**Exercise brief**. Pictures excluded, set down exactly the lines from the one containing "Mijn favoriete wintergast" through the final line of the material, and only those.

**Supplied material**.
········

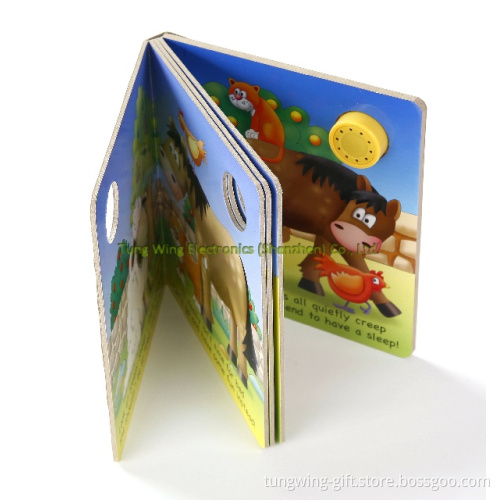 Intellectual & Educational Toys -18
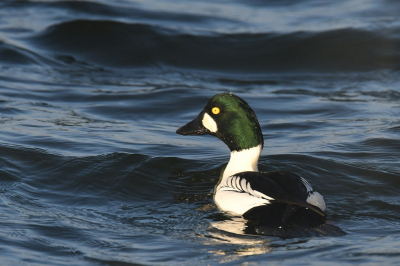 Mijn favoriete wintergast op het Bovenwater. Nu nog maar een paar vogels maar als de winter doorzet in het hoge noorden lopen de aantallen hier op. Ik verheug me op de balts in begin februari.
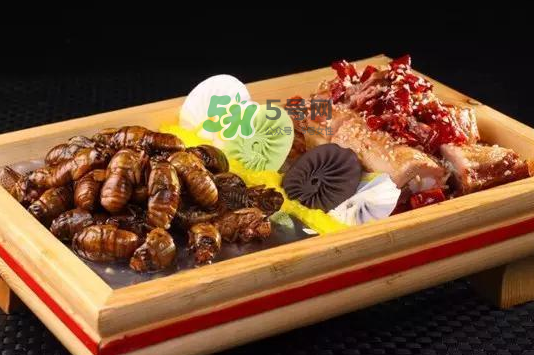 金蟬不能和什么一起吃？金蟬哪些人不能吃？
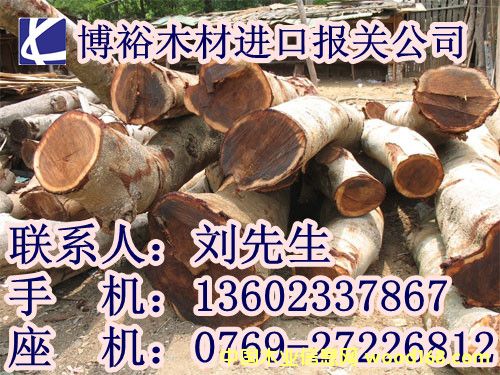 c鿴MڈP(gun)ŴDƬ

········

**Result for this task**.
 Mijn favoriete wintergast op het Bovenwater. Nu nog maar een paar vogels maar als de winter doorzet in het hoge noorden lopen de aantallen hier op. Ik verheug me op de balts in begin februari.
 金蟬不能和什么一起吃？金蟬哪些人不能吃？
 c鿴MڈP(gun)ŴDƬ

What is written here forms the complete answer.